Without copying any picture, transcribe exactly the lines of the data below from the one containing "However, you can" through the one containing "I have my x".

**Supplied material**.

= = = =

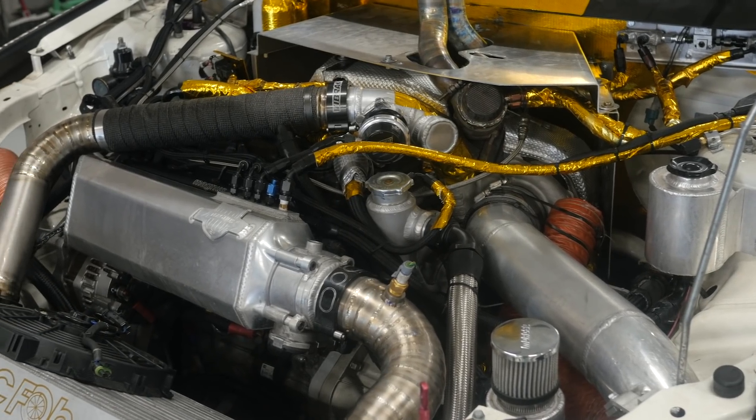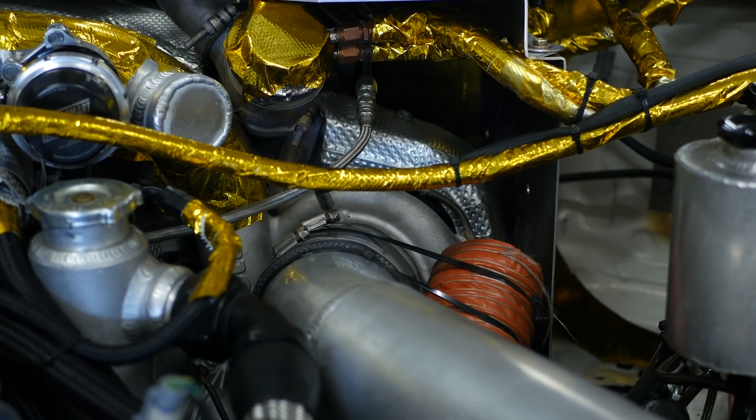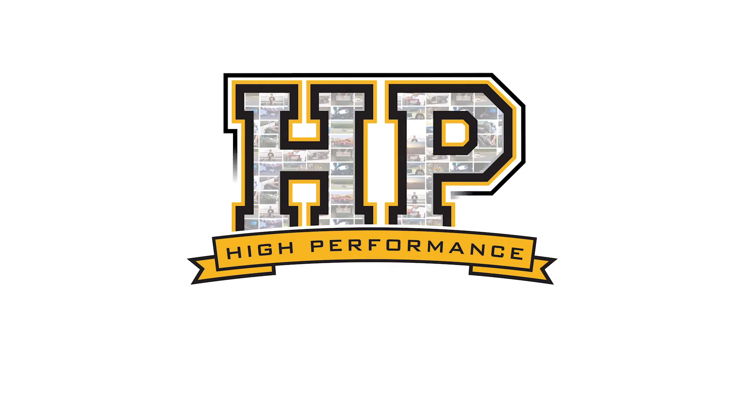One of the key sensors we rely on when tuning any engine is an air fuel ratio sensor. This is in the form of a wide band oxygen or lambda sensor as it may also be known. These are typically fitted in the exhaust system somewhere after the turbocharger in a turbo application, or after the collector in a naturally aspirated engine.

= = = =

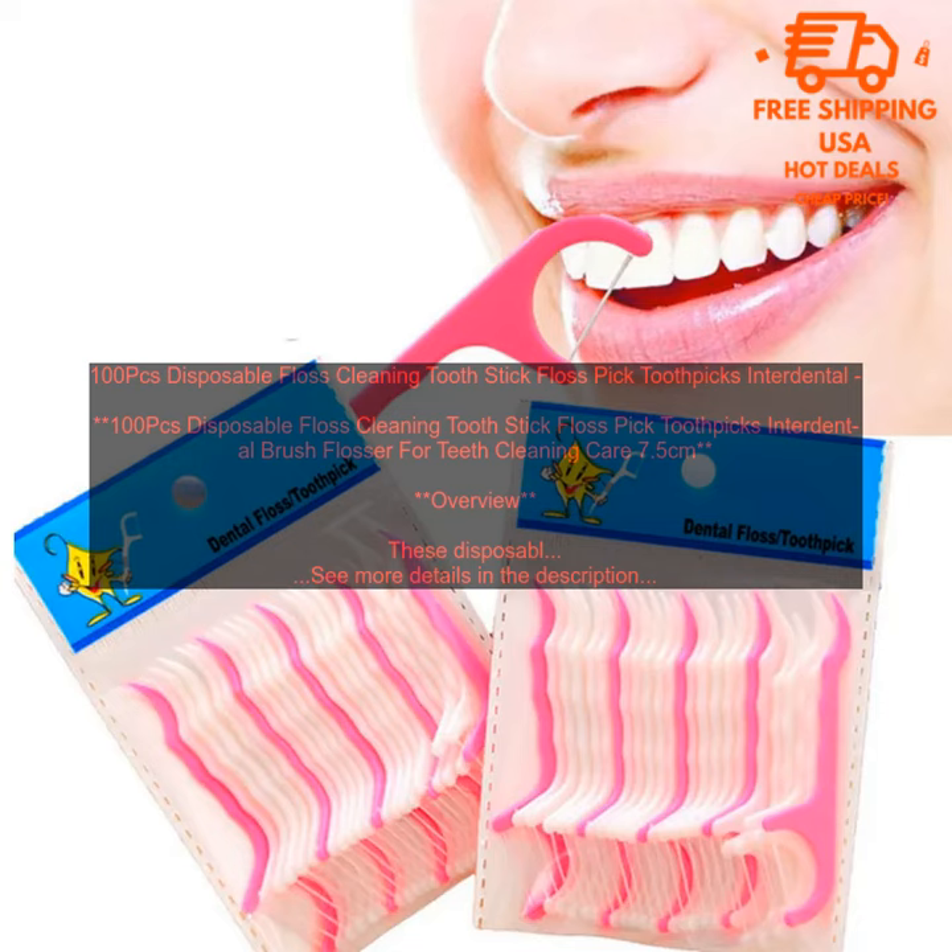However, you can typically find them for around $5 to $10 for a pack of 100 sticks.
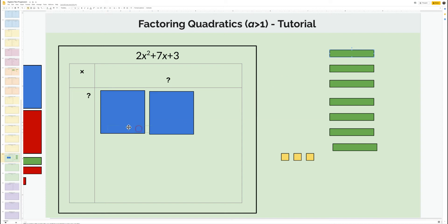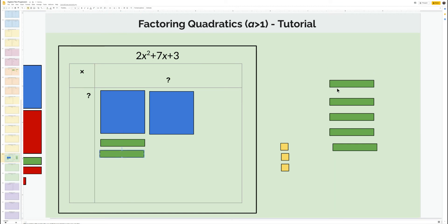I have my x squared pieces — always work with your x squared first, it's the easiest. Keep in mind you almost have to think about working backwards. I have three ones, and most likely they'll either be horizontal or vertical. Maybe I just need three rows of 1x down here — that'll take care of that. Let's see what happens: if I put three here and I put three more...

= = = =

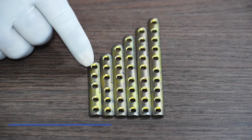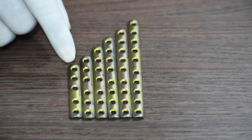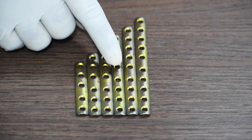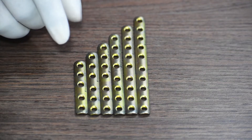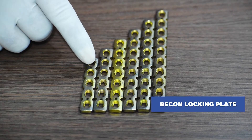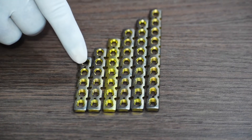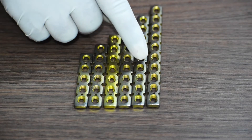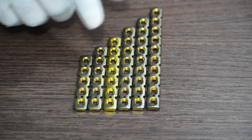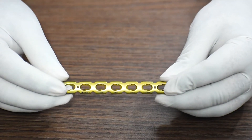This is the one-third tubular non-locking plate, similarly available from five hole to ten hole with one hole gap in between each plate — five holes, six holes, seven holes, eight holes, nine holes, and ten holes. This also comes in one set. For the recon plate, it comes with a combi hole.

= = = =

**Answer for the task**.
However, you can typically find them for around $5 to $10 for a pack of 100 sticks.
I have my x squared pieces — always work with your x squared first, it's the easiest. Keep in mind you almost have to think about working backwards. I have three ones, and most likely they'll either be horizontal or vertical. Maybe I just need three rows of 1x down here — that'll take care of that. Let's see what happens: if I put three here and I put three more...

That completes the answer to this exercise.